People often use the terms _"package"_, _"library"_, and _"module"_ synonymously.

A **package** generally refers to source code that is bundled up in a way that a package manager can host. 
   * [PyPI](https://pypi.org/)
   * [Anaconda](https://anaconda.org/anaconda/repo)
   
When you `pip install pkg` or `conda install pkg` you are installing the `pkg` package from PyPI or Anaconda, respectively, to your computer or the server you’re working on.

A **library** generally refers to a centralized location on an operating system where installed package source code resides and can be imported into a current session. 

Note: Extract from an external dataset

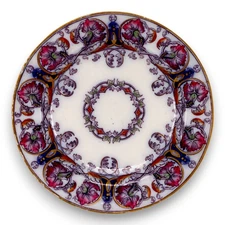 William Adams Nightingale 7 3/8" Salad Plate Floral Gold Rim 4177 Antique 19th C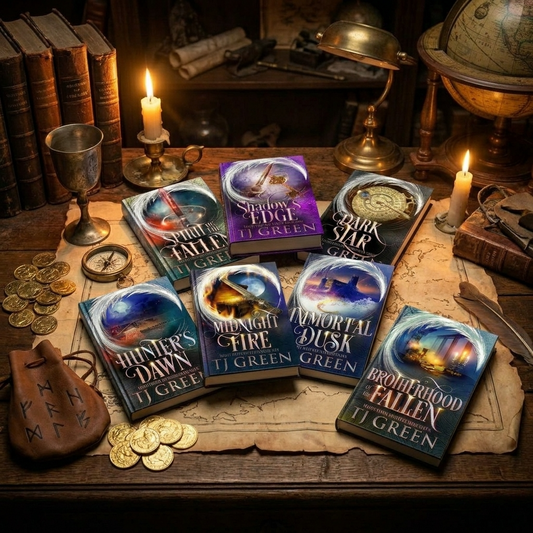Collection of books by TJ Green on a wooden table with candles and a globe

We can always see the full list of packages installed on our operating system with `pip list` or `conda list`:

In [None]:
%pip list

A **module** is the broard term used for any code you are importing from outside your current script/notebook. 

This may include libraries installed on your computer or it may also include stand alone .py files that you created to hold support functions for your current analysis and you want to import them into your current notebook.

## Importing libraries / modules

To use a library / module we need to first `import` it into our Python session so we have access to its functionality.

For example, functionality related to the operating system -- such as creating files and folders -- is stored in a package called `os`.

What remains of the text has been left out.